> **Exercise prompt**: Could you please repeat the data below word for word?
--- Data Enclosed Below ---
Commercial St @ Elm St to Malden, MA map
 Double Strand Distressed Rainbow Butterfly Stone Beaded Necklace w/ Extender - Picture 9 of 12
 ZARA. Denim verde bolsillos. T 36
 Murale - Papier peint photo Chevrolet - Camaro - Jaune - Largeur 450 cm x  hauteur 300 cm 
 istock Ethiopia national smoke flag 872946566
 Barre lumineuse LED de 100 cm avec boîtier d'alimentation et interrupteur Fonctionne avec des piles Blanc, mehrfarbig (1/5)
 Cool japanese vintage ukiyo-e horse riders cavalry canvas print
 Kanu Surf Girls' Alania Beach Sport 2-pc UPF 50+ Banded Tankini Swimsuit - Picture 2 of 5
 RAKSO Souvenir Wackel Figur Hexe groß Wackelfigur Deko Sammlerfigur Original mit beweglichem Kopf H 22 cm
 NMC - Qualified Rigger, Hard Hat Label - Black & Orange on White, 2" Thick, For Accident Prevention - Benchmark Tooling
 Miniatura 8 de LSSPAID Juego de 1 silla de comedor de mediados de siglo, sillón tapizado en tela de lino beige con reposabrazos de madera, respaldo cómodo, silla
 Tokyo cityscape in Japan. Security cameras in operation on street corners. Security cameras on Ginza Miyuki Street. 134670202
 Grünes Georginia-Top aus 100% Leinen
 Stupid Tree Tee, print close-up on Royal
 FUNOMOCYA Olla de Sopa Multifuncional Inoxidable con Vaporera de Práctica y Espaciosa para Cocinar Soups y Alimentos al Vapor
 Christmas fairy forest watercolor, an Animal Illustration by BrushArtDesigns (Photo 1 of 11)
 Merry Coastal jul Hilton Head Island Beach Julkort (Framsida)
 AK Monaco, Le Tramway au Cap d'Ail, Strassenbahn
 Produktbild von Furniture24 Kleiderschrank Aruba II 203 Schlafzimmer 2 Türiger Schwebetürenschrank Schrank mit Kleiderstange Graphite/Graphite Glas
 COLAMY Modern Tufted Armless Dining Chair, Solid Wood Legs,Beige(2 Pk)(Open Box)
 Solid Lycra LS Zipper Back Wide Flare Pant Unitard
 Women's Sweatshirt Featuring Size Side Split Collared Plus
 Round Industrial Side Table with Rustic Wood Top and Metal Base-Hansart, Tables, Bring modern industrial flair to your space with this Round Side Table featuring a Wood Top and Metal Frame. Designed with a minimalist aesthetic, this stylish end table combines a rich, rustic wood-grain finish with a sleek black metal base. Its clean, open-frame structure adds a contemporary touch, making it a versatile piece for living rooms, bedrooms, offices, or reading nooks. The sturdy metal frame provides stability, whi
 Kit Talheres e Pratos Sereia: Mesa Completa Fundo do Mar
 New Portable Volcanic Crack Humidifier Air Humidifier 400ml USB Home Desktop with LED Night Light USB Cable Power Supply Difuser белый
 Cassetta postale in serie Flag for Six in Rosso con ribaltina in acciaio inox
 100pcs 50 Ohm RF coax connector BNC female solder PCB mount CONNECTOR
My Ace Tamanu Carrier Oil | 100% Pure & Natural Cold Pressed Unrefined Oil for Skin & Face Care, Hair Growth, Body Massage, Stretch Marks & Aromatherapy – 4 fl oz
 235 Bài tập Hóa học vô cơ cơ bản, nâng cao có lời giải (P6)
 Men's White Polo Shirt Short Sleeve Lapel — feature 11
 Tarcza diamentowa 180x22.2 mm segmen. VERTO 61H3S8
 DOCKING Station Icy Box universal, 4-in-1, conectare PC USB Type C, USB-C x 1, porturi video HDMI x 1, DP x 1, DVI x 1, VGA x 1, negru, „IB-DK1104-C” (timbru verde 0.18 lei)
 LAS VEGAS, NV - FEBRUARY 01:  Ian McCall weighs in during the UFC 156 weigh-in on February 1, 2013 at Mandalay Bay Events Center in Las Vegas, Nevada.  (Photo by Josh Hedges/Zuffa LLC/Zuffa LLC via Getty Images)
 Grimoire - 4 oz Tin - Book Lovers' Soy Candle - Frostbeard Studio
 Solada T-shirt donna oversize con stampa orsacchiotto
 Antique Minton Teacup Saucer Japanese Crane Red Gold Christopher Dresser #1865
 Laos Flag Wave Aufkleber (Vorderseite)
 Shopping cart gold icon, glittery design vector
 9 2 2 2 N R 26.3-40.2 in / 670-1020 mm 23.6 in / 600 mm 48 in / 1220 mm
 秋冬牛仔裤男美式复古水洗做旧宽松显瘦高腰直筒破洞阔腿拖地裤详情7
--- End of Enclosed Data ---
> **Output below**:
Commercial St @ Elm St to Malden, MA map
 Double Strand Distressed Rainbow Butterfly Stone Beaded Necklace w/ Extender - Picture 9 of 12
 ZARA. Denim verde bolsillos. T 36
 Murale - Papier peint photo Chevrolet - Camaro - Jaune - Largeur 450 cm x  hauteur 300 cm 
 istock Ethiopia national smoke flag 872946566
 Barre lumineuse LED de 100 cm avec boîtier d'alimentation et interrupteur Fonctionne avec des piles Blanc, mehrfarbig (1/5)
 Cool japanese vintage ukiyo-e horse riders cavalry canvas print
 Kanu Surf Girls' Alania Beach Sport 2-pc UPF 50+ Banded Tankini Swimsuit - Picture 2 of 5
 RAKSO Souvenir Wackel Figur Hexe groß Wackelfigur Deko Sammlerfigur Original mit beweglichem Kopf H 22 cm
 NMC - Qualified Rigger, Hard Hat Label - Black & Orange on White, 2" Thick, For Accident Prevention - Benchmark Tooling
 Miniatura 8 de LSSPAID Juego de 1 silla de comedor de mediados de siglo, sillón tapizado en tela de lino beige con reposabrazos de madera, respaldo cómodo, silla
 Tokyo cityscape in Japan. Security cameras in operation on street corners. Security cameras on Ginza Miyuki Street. 134670202
 Grünes Georginia-Top aus 100% Leinen
 Stupid Tree Tee, print close-up on Royal
 FUNOMOCYA Olla de Sopa Multifuncional Inoxidable con Vaporera de Práctica y Espaciosa para Cocinar Soups y Alimentos al Vapor
 Christmas fairy forest watercolor, an Animal Illustration by BrushArtDesigns (Photo 1 of 11)
 Merry Coastal jul Hilton Head Island Beach Julkort (Framsida)
 AK Monaco, Le Tramway au Cap d'Ail, Strassenbahn
 Produktbild von Furniture24 Kleiderschrank Aruba II 203 Schlafzimmer 2 Türiger Schwebetürenschrank Schrank mit Kleiderstange Graphite/Graphite Glas
 COLAMY Modern Tufted Armless Dining Chair, Solid Wood Legs,Beige(2 Pk)(Open Box)
 Solid Lycra LS Zipper Back Wide Flare Pant Unitard
 Women's Sweatshirt Featuring Size Side Split Collared Plus
 Round Industrial Side Table with Rustic Wood Top and Metal Base-Hansart, Tables, Bring modern industrial flair to your space with this Round Side Table featuring a Wood Top and Metal Frame. Designed with a minimalist aesthetic, this stylish end table combines a rich, rustic wood-grain finish with a sleek black metal base. Its clean, open-frame structure adds a contemporary touch, making it a versatile piece for living rooms, bedrooms, offices, or reading nooks. The sturdy metal frame provides stability, whi
 Kit Talheres e Pratos Sereia: Mesa Completa Fundo do Mar
 New Portable Volcanic Crack Humidifier Air Humidifier 400ml USB Home Desktop with LED Night Light USB Cable Power Supply Difuser белый
 Cassetta postale in serie Flag for Six in Rosso con ribaltina in acciaio inox
 100pcs 50 Ohm RF coax connector BNC female solder PCB mount CONNECTOR
My Ace Tamanu Carrier Oil | 100% Pure & Natural Cold Pressed Unrefined Oil for Skin & Face Care, Hair Growth, Body Massage, Stretch Marks & Aromatherapy – 4 fl oz
 235 Bài tập Hóa học vô cơ cơ bản, nâng cao có lời giải (P6)
 Men's White Polo Shirt Short Sleeve Lapel — feature 11
 Tarcza diamentowa 180x22.2 mm segmen. VERTO 61H3S8
 DOCKING Station Icy Box universal, 4-in-1, conectare PC USB Type C, USB-C x 1, porturi video HDMI x 1, DP x 1, DVI x 1, VGA x 1, negru, „IB-DK1104-C” (timbru verde 0.18 lei)
 LAS VEGAS, NV - FEBRUARY 01:  Ian McCall weighs in during the UFC 156 weigh-in on February 1, 2013 at Mandalay Bay Events Center in Las Vegas, Nevada.  (Photo by Josh Hedges/Zuffa LLC/Zuffa LLC via Getty Images)
 Grimoire - 4 oz Tin - Book Lovers' Soy Candle - Frostbeard Studio
 Solada T-shirt donna oversize con stampa orsacchiotto
 Antique Minton Teacup Saucer Japanese Crane Red Gold Christopher Dresser #1865
 Laos Flag Wave Aufkleber (Vorderseite)
 Shopping cart gold icon, glittery design vector
 9 2 2 2 N R 26.3-40.2 in / 670-1020 mm 23.6 in / 600 mm 48 in / 1220 mm
 秋冬牛仔裤男美式复古水洗做旧宽松显瘦高腰直筒破洞阔腿拖地裤详情7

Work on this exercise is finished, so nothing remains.